I receive these comments with a mixture of feelings. They annoy me because the men who make them have no right to do so. They frustrate me because the same men do not seem to understand why they don’t have this right. They bore me because I’m regularly told the same things about my own body and, quite frankly, I am sick of it.
Most of the time I ignore these sleazy remarks but that day I decided to bite.
I turned around with a big fake smile on my face and, as innocently as I could, said “Oh, I’m sorry I missed that. What did you say?” This guy who had no problem whatsoever sexualising me 10 seconds beforehand turned bright red and stuttered that it did not matter. Now, I knew exactly what he said but I wanted to see if he would actually say it to my face rather than under his breath. I asked the douche again what he had said and after a little bit of coaxing on my part he admitted he had said “nice arse to go with them” (meaning my gym pants).

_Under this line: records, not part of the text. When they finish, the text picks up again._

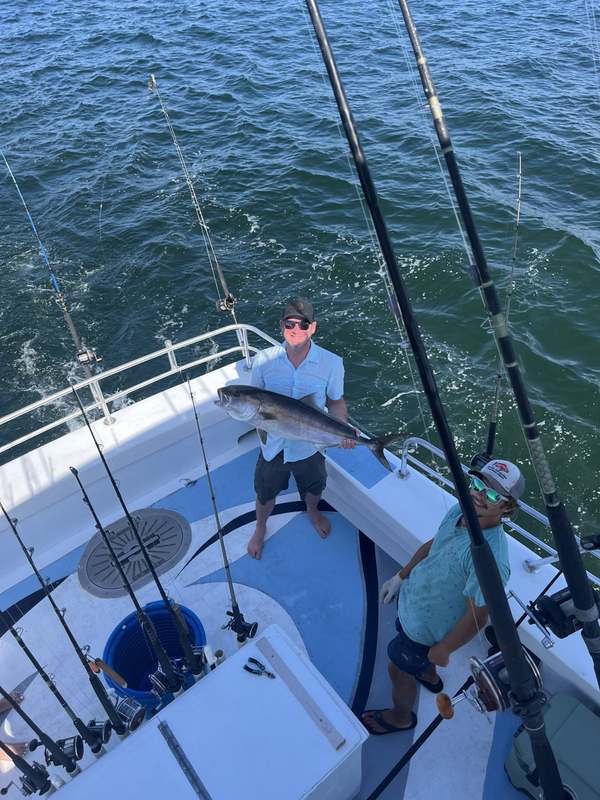 The spacious fishing deck of the Rip Tide underway on the Gulf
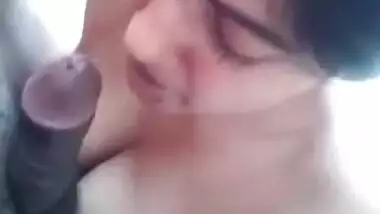 Desi Girl Happily Sucking Dick with Porn Playing in Background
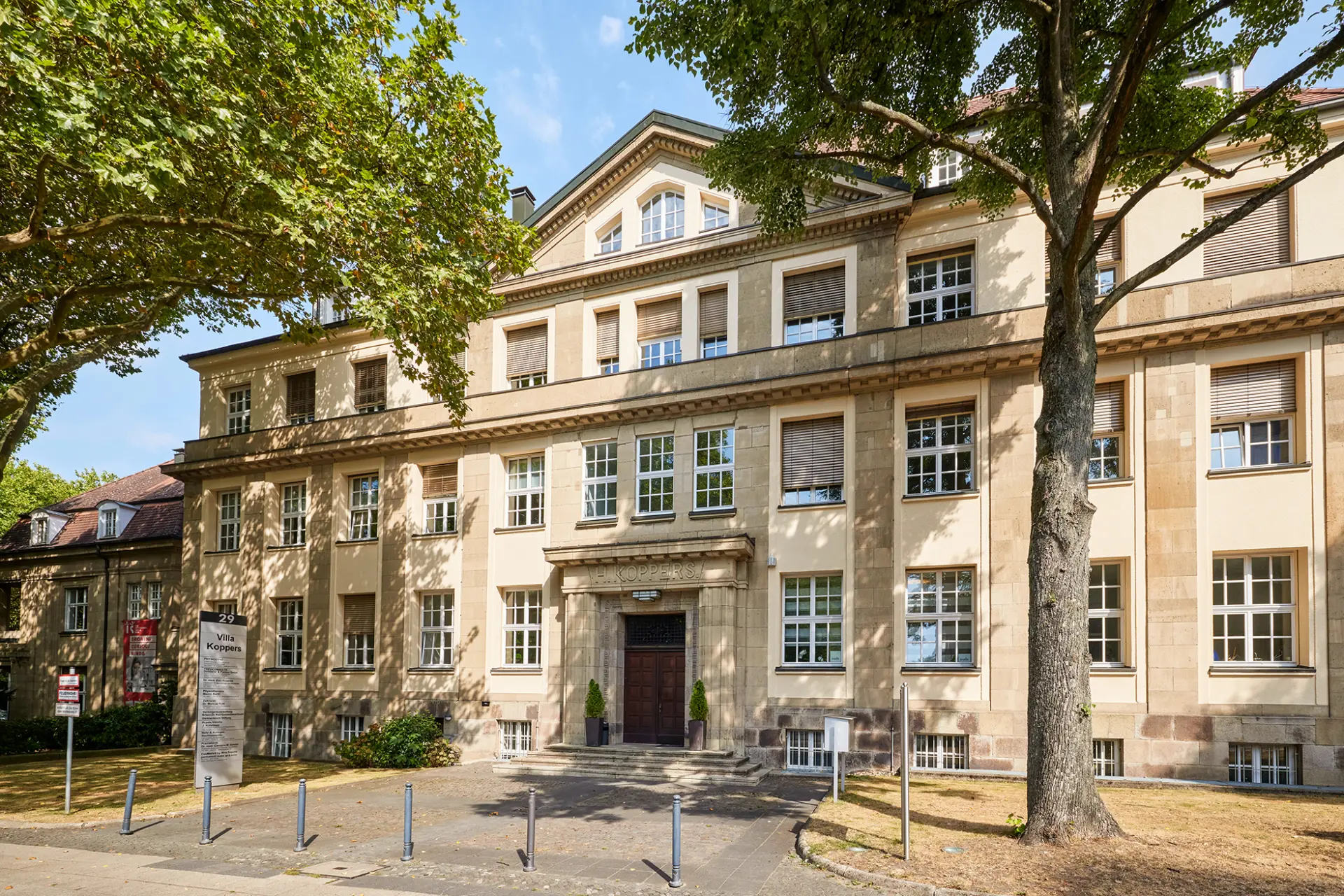 Historisches Gebäude mit hellem Putz und großen Fenstern, umgeben von üppigem Grün in Essen.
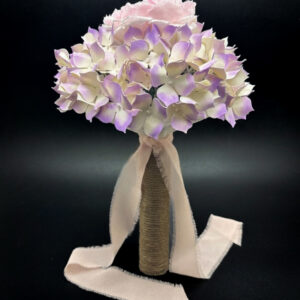 Profilo intero di un bouquet di carta con ortensie viola, impugnatura rivestita in corda naturale e un lungo fiocco in chiffon rosa antico.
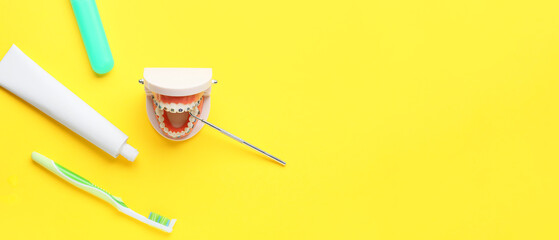 Model of jaw with dental braces, dentist's tool, tooth brush and paste on yellow background with...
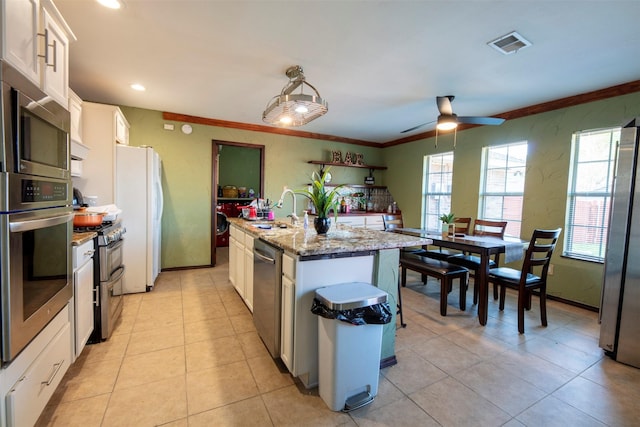 kitchen with ceiling fan, white cabinetry, sink, an island with sink, and appliances with stainless steel finishes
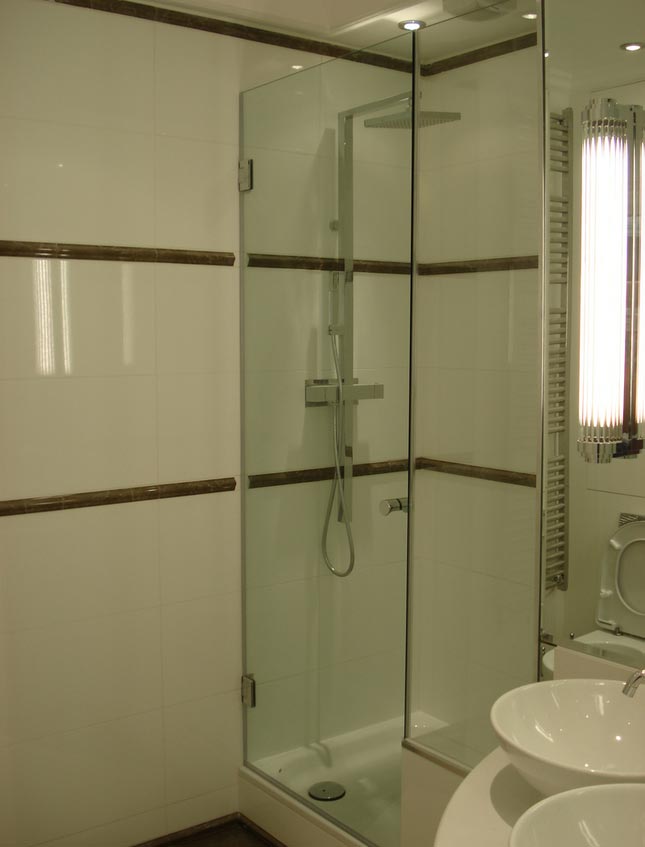 Glass shower surround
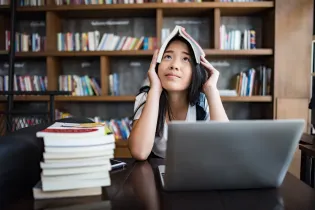 Young woman with black hair sitting at her desk with her laptop. She has a stack of textbooks next to her and is holding one on top of her head. She looks demotivated.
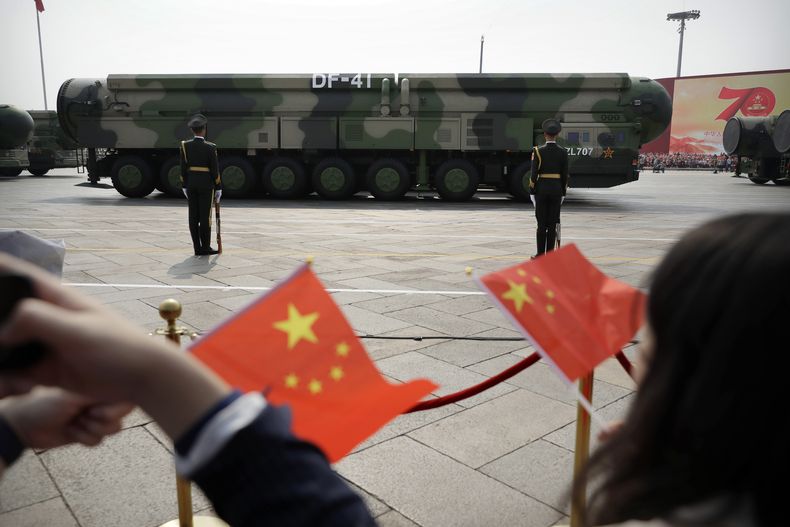 ARCHIVO - Espectadores ondean banderas chinas mientras vehículos militares con misiles balísticos desfilan en el 70mo aniversario de la fundación de la China comunista en Beijing, el 1 de octubre de 2019. (AP Foto/Mark Schiefelbein, Archivo)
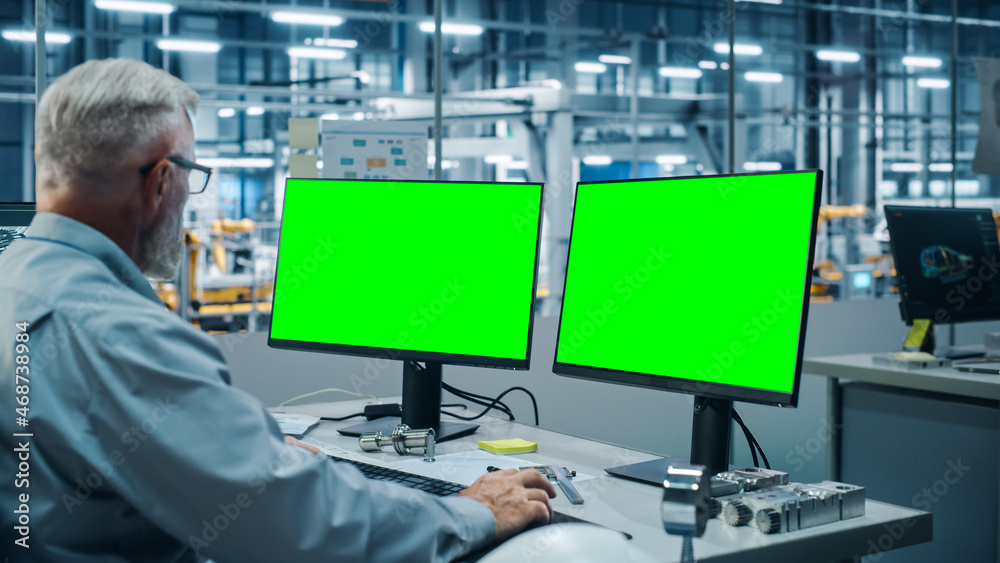 Poster car factory monitoring office: male chief automotive engineer sitting at the desk working on green s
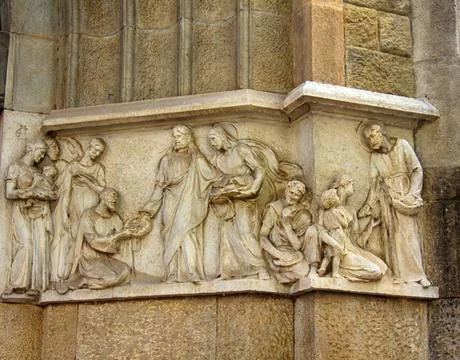 Ancient bas-reliefs on the Windows and walls of historical buildings Ancie... Stock Photos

“Do you really think that’s an appropriate thing to say to a woman that you don’t know?” I asked him with my sickeningly sweet smile still plastered across my face. As I expected, he had no idea how to respond to this question and instead let out a stream of incoherent stuttering that he hoped would count as a sufficient explanation. It didn’t.
There and then I decided I would take one for the girls everywhere sick of men objectifying them. As it happened I was planning on running a few errands after the gym, however, after seeing which direction this guy was heading in I decided I would rearrange my plan for the day and do the errands first, resulting in me heading in the same direction as this guy.

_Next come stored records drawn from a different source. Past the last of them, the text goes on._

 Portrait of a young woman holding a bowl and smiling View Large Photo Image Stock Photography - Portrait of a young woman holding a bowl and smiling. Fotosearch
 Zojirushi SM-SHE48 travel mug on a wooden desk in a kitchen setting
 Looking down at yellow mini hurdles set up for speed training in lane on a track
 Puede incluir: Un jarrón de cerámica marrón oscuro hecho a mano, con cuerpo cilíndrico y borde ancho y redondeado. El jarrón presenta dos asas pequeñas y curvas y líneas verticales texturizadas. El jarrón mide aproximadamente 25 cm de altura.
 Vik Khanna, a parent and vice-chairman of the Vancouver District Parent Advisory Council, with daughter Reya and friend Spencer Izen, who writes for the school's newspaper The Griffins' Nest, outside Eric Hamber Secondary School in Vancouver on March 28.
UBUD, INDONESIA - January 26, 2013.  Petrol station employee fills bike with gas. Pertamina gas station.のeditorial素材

I followed him. I trailed closely after him for a good 10 minutes all the while telling him why it is not appropriate for men to treat women like they are slabs of meat, however, if there was a brain in that head of his then it did not take this information in. In fact, I think he was probably too preoccupied with increasing his pace in a bid to get away from the crazy girl wittering about sexual equality to let what I was saying actually sink in.
My actions did not achieve anything but I certainly enjoyed watching him cringe. All I can hope is that in future, when he is about to make an unwanted comment to a woman he does not know, he will remember what happened last time and the fear of encountering another crazy bitch will deter him from doing so.